Ändert sich unser Bild vom Alter?


Am 28. Mai 2011 gab es im DLF Freitagvormittags im Rahmen der Sendereihe "Lebenszeit" eine sehr interessante Sendung zum Thema: "Perspektiven- ändert sich unser Bild vom Alter?", an der u.a. auch Joachim Fuchsberger teilnahm. Anlaß für diese Sendung war der Foto- und Filmwettbewerb "Was heißt schon alt" des Bundesfamilienministeriums. Denn Bilder - so heißt es auch im sechsten Altenbericht der Bundesregierung - haben großen Einfluß auf die Verwirklichung von Entwicklungsmöglichkeiten und auch auf den Umgang mit Grenzen. Unser Bild vom Alter ist nicht festgelegt, es ist eine soziale Vereinbarung, die sich abhängig von historischen und kulturellen Rahmenbedingungen verändert.

Was sagen nun die Bilder, die wir uns heute vom Alter und vom Altern machen über uns und unsere Gesellschaft aus?
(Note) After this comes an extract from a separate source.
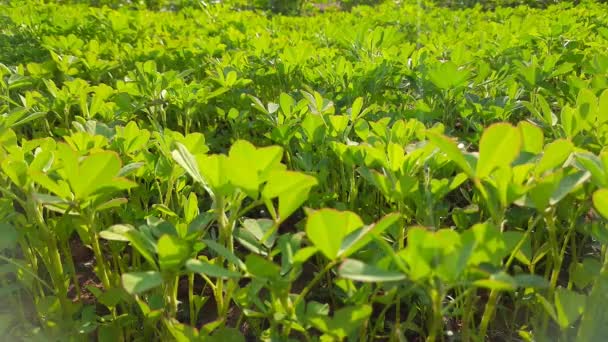 Fenugreek Plant Field Fresh Green Fenugreek Leaves Most Popular Greens — Vídeo de Stock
Stimmen sie mit der Wirklichkeit überein? Wie hat sich das Bild vom Alter verändert? Wie sehen sich Menschen, die heute alt sind und wie werden sie im Unterschied dazu von ihrer Umgebung gesehen? Welches Bild von sich entwickeln Jüngere, wenn sie an sich selbst als alte Menschen denken und was tun sie, um dieses Bild von sich zu realisieren?

Download der Sendung: Lebenszeit: Neue Bilder vom Alter- neue Perspektiven?


Zu den Ergebnissen des Wettbewerbs: "Was heißt schon alt?"


Zum PDF-Download des 6. Altenberichts der Bundesregierung


Zum in der Sendung angesprochenen Altensportler-Dokumentarfilm: "Herbstlaub" - Wettlauf gegen das Alter


Zu Joachim Fuchsbergers Buchveröffentlichung: "Alt werden ist nichts für Feiglinge"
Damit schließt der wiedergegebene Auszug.